Word for word, transcribe the listing that follows, minus any pictures.

> [Provided data]:
○ ○ ○
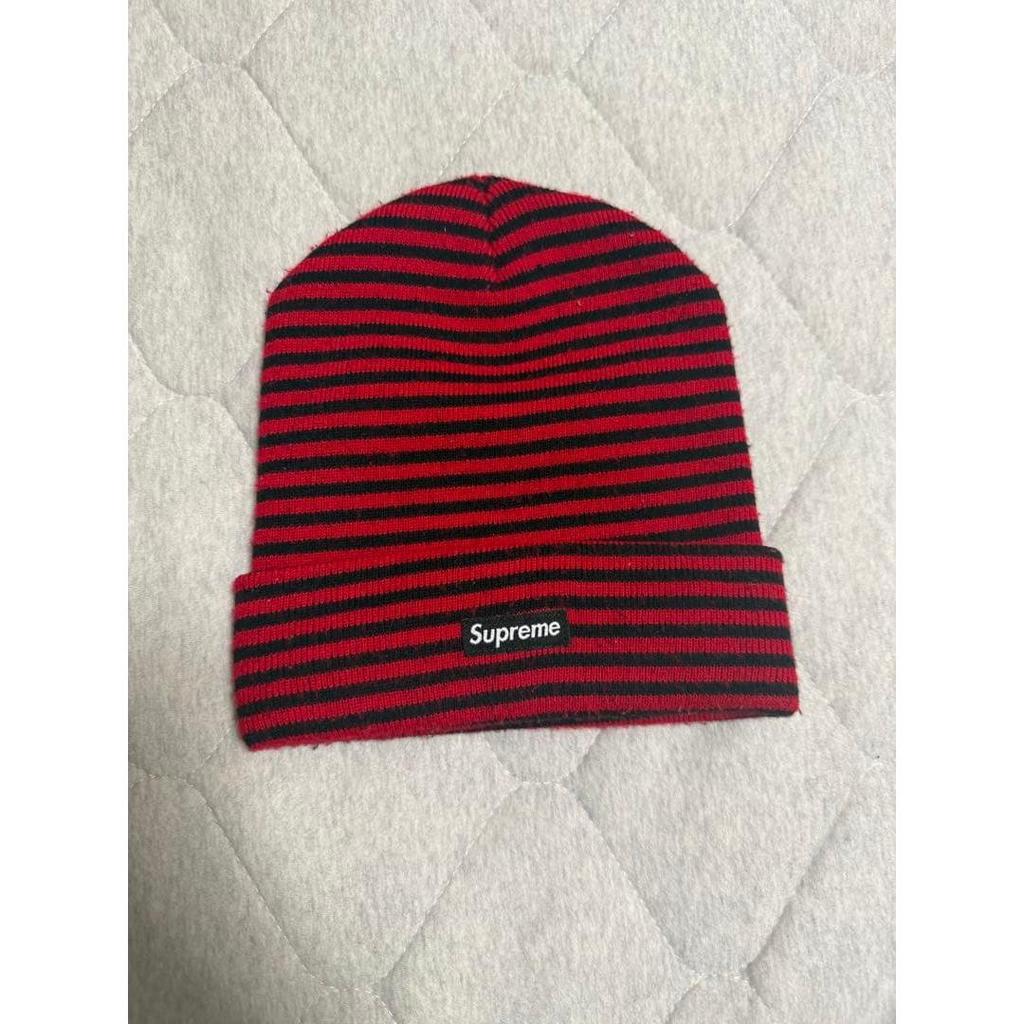 Б/у шапка Supreme Micro stripe 2011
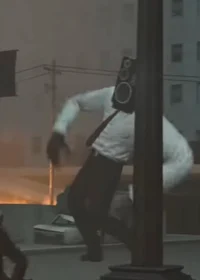 Dancing large speake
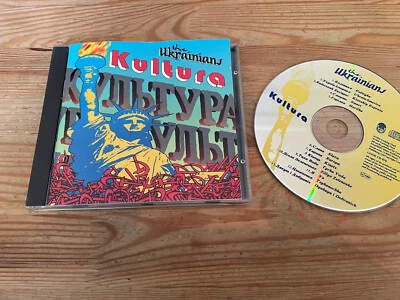 CD Folk The Ukrainians – Kultura (13 Song) COOKING VINYL jc / WoC - Bild 1 von 4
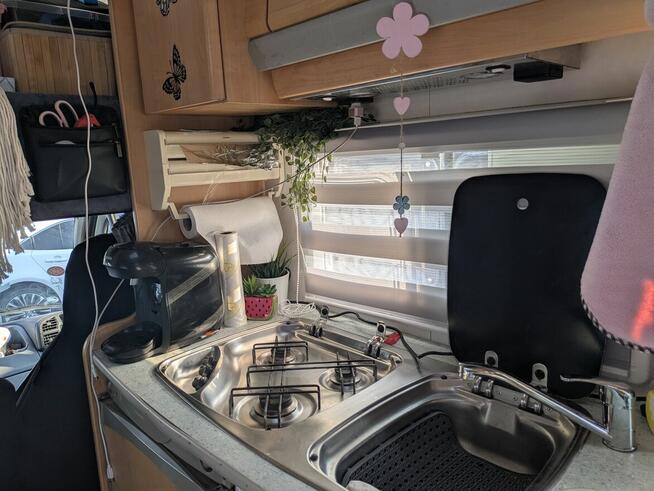 Kamper Fiat Ducato silnik 2,8 2003 rok, mały przebieg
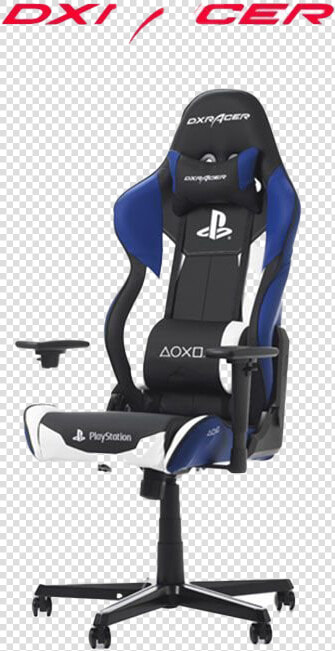 Dxracer Chair Png Transparent Image   Dxracer Playstation Gaming Chair  Png DownloadTransparent PNG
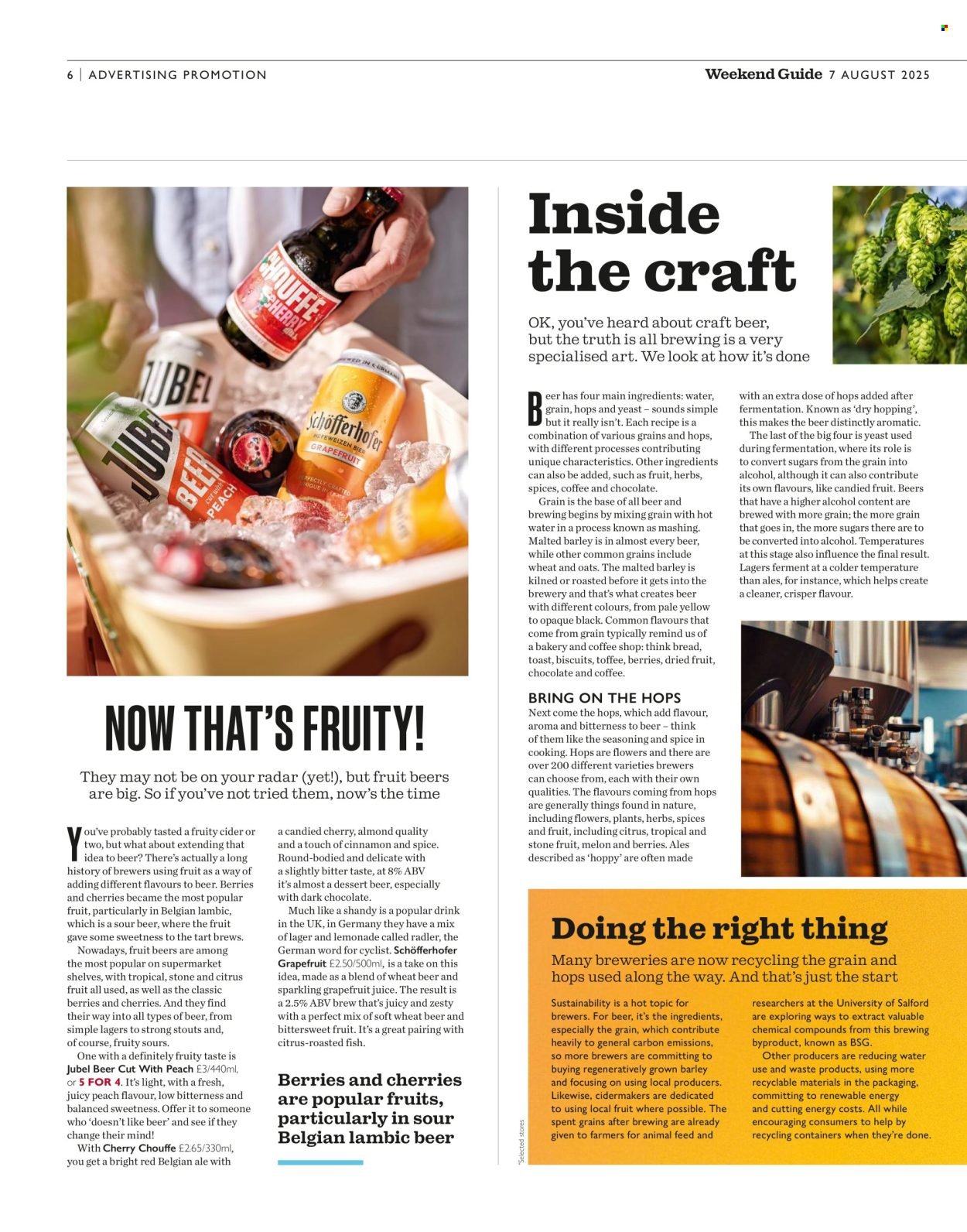 WAITROSE offer - Weekend (2025-08-07 - 2025-08-26) | 50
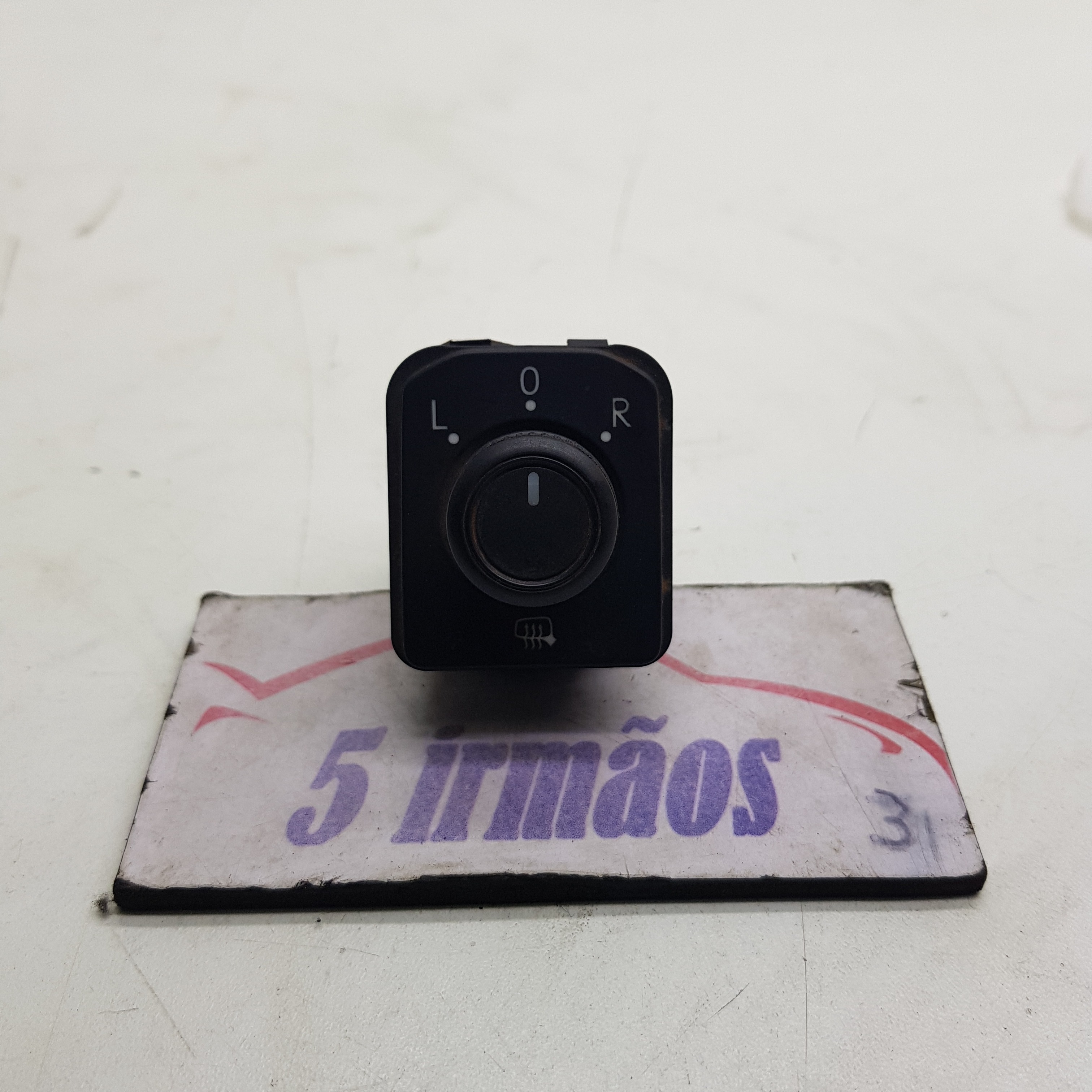 Comando Ajuste Retrovisor Vw Jetta Gli 2.0 Turbo 2018 / 2019
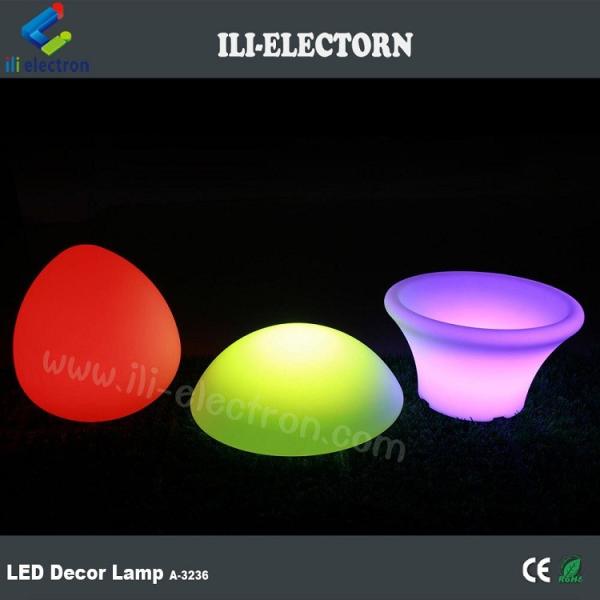 Restaurant Rechargeable LED Dinner Table led decorative table lamp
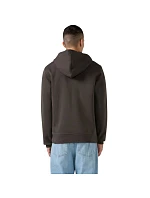 Bluza męska Champion Hooded Full Zip Sweatshirt brązowy 221794 GS509 pánské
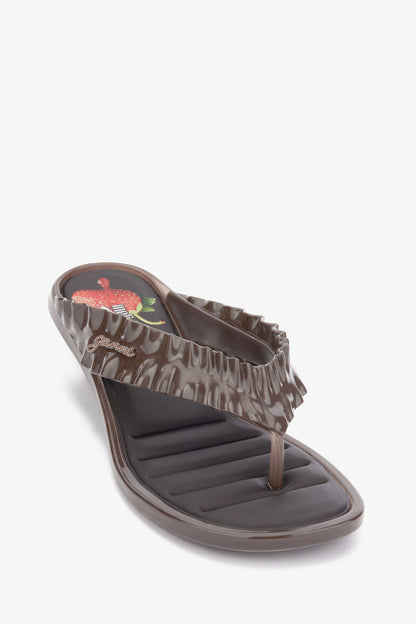 Melissa Thong Kitten Heel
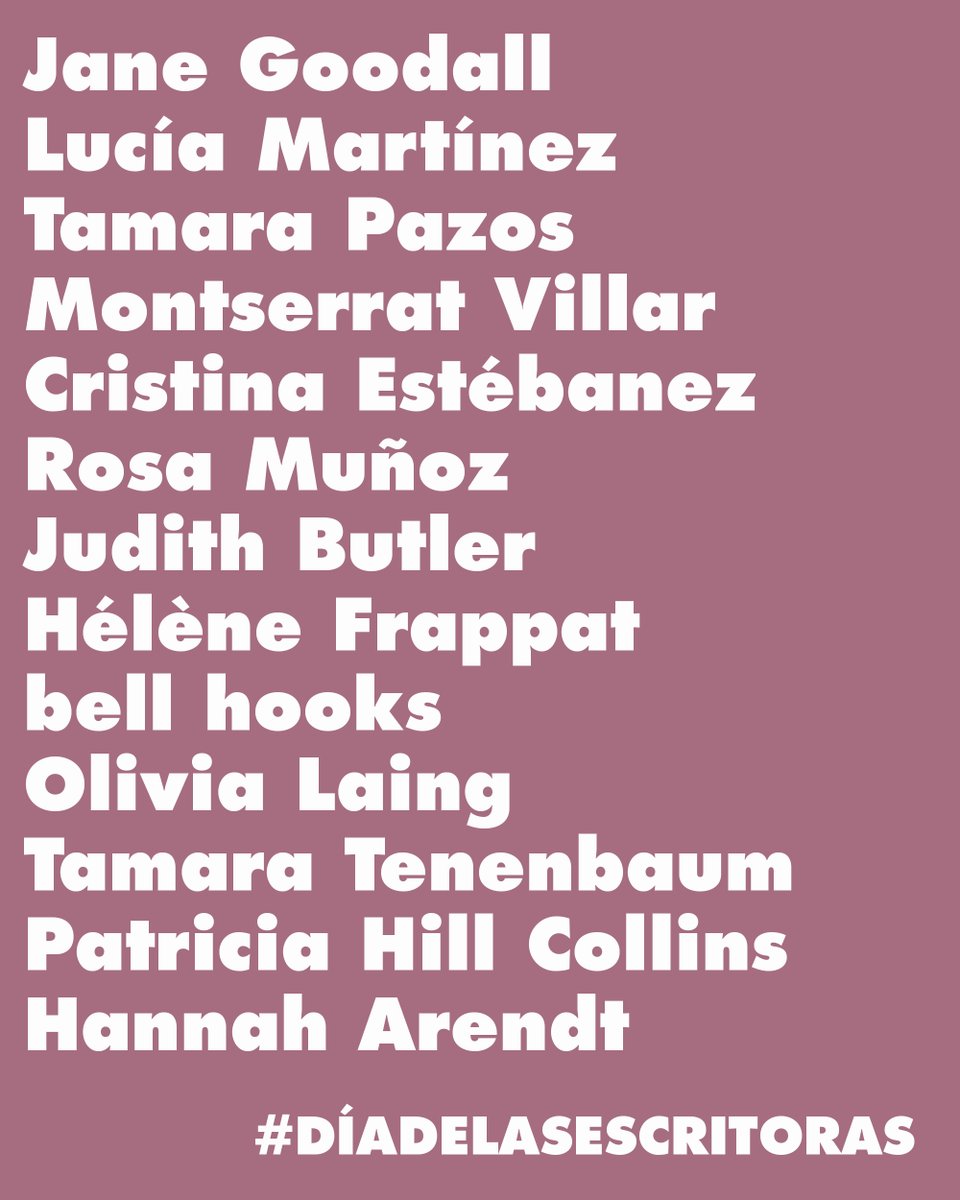 En el #DíaDeLasEscritoras, desde #Paidós queremos agradecer a todas las autoras que nos inspiran a pensar, aprender y comprender mejor el mundo. Gracias por compartir su talento, su voz y su mirada única a través de la divulgación y la reflexión.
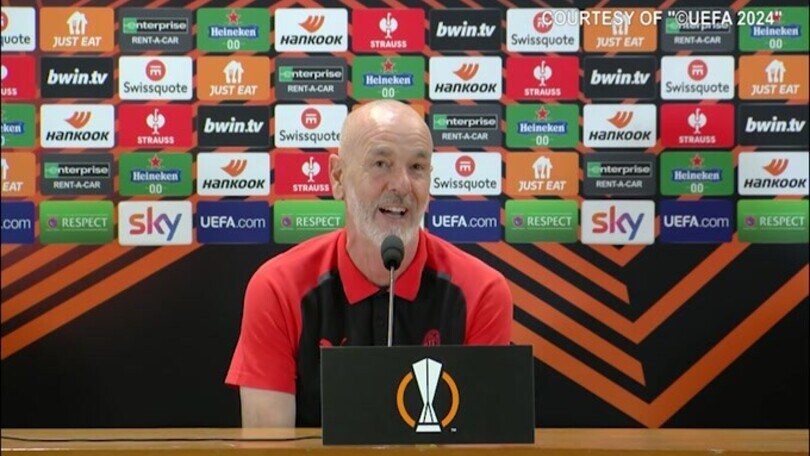 Pioli stizzito: "Perchè mi fate queste domande?"
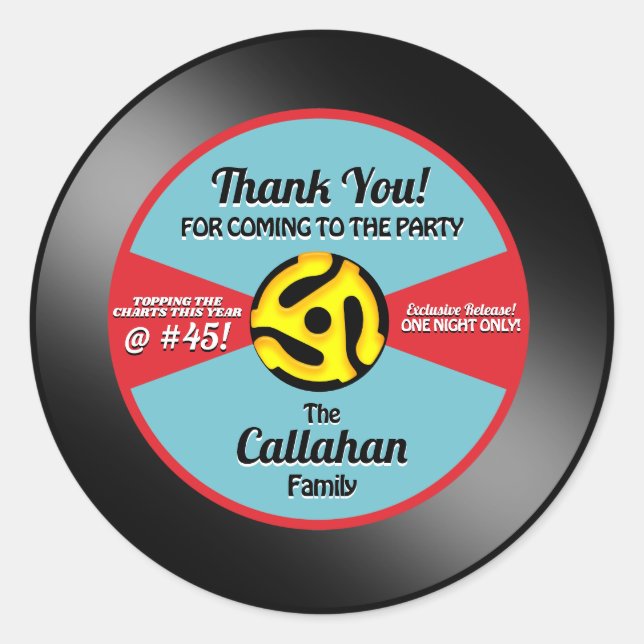 Festa de aniversário da etiqueta Vinyl 45 - Obriga (Frente)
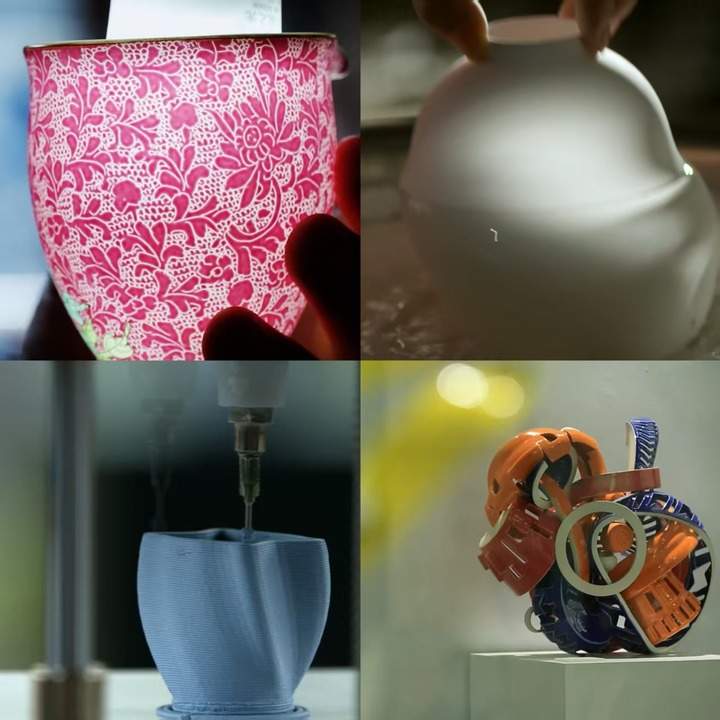 行囊里的“家乡新答卷”丨全国人大代表张婧婧：一件陶瓷背后的瓷都创新叙事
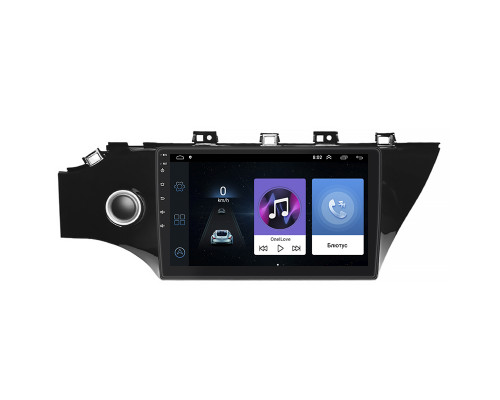 Штатная магнитола Lesko для Kia Rio IV 2017-2020 экран 10" 1/16Gb Wi-Fi GPS Base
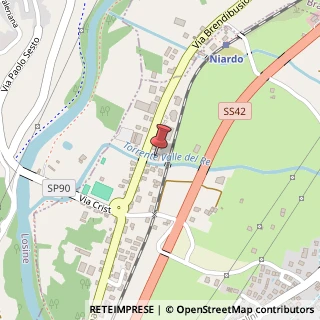 Mappa Via Brendibusio, 22, 25050 Niardo, Brescia (Lombardia)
○ ○ ○
> [Exercise response]:
 Б/у шапка Supreme Micro stripe 2011
 Dancing large speake
 CD Folk The Ukrainians – Kultura (13 Song) COOKING VINYL jc / WoC - Bild 1 von 4
 Kamper Fiat Ducato silnik 2,8 2003 rok, mały przebieg
 Dxracer Chair Png Transparent Image   Dxracer Playstation Gaming Chair  Png DownloadTransparent PNG
 WAITROSE offer - Weekend (2025-08-07 - 2025-08-26) | 50
 Comando Ajuste Retrovisor Vw Jetta Gli 2.0 Turbo 2018 / 2019
 Restaurant Rechargeable LED Dinner Table led decorative table lamp
 Bluza męska Champion Hooded Full Zip Sweatshirt brązowy 221794 GS509 pánské
 Melissa Thong Kitten Heel
 En el #DíaDeLasEscritoras, desde #Paidós queremos agradecer a todas las autoras que nos inspiran a pensar, aprender y comprender mejor el mundo. Gracias por compartir su talento, su voz y su mirada única a través de la divulgación y la reflexión.
 Pioli stizzito: "Perchè mi fate queste domande?"
 Festa de aniversário da etiqueta Vinyl 45 - Obriga (Frente)
 行囊里的“家乡新答卷”丨全国人大代表张婧婧：一件陶瓷背后的瓷都创新叙事
 Штатная магнитола Lesko для Kia Rio IV 2017-2020 экран 10" 1/16Gb Wi-Fi GPS Base
 Mappa Via Brendibusio, 22, 25050 Niardo, Brescia (Lombardia)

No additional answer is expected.